EIG Global Energy Partners entity MidOcean Energy is to acquire the interests of Tokyo Gas Co. Ltd. in four LNG projects in Australia. The interests include 5% of Pluto LNG (operated by Woodside Energy Group Ltd.), 2.5% of Train 2 in Queensland Curtis LNG (operated by Shell PLC), 1.575% of Ichthys LNG (Operated by Inpex Corp.), and 1% of Gorgon LNG (operated by Chevron Corp).
The Pluto, Gorgon, and Ichthys projects are offshore Western Australia while the Queensland Curtis project is on Curtis Island near Gladstone on Queensland’s central east coast. All are major suppliers of LNG to Asian markets.
EIG said the portfolio, acquired for US$2.15 billion, is expected to generate around 1 million tonnes/year of LNG net to MidOcean and that production is underpinned by long-life reserves and globally competitive cost structures. “The portfolio spans the LNG value chain from upstream operations to midstream, liquefaction and sales,” EIG said.

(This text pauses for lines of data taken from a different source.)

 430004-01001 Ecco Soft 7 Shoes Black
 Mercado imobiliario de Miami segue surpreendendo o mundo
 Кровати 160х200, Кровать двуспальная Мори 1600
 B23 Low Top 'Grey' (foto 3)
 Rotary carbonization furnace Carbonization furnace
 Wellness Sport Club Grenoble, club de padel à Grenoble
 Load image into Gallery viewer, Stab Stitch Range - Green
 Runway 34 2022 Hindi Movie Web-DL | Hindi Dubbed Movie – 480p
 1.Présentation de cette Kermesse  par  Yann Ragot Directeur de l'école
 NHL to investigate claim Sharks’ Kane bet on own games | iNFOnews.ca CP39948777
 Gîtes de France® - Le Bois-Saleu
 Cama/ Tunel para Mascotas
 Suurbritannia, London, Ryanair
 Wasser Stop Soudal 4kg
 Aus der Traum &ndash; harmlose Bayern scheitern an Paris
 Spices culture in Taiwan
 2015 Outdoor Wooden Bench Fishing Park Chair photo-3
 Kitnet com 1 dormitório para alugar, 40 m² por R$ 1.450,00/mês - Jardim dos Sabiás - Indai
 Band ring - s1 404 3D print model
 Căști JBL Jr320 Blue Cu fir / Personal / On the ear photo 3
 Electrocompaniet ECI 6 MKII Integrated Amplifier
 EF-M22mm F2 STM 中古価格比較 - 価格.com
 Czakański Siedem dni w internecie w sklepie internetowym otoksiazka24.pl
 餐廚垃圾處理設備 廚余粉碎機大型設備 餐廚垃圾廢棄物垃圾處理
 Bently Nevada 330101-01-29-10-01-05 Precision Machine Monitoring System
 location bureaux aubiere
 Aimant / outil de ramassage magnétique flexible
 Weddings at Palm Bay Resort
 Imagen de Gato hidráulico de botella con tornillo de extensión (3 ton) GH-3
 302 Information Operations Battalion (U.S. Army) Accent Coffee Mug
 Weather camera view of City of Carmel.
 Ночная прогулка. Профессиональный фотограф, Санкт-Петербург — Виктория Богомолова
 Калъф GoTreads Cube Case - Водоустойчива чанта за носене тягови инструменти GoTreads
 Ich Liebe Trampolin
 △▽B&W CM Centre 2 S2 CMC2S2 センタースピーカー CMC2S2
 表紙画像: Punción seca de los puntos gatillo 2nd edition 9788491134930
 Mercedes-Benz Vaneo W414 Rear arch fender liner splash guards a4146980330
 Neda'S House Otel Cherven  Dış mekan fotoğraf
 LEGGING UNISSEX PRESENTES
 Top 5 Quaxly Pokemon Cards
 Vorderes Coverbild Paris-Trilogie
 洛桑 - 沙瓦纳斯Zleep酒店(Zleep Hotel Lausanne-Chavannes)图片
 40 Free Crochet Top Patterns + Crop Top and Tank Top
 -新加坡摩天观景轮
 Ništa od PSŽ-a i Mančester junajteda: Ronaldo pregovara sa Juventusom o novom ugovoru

The transaction is expected to close first-half 2023 but is subject to customary Australian regulatory approvals and preemption rights of other members of the LNG joint ventures. It has been reported that Woodside is considering a preemption of the deal.
The acquisition marks the launch of MidOcean’s strategy to build what it describes as a high-quality, diversified, global integrated LNG company, and leverages EIG’s investing experience in the global LNG sector.
Former Shell executive De la Rey Venter recently joined MidOcean as chief executive officer. He commented that the company sees a number of opportunities to further expand MidOcean’s position in supplying LNG markets around the world.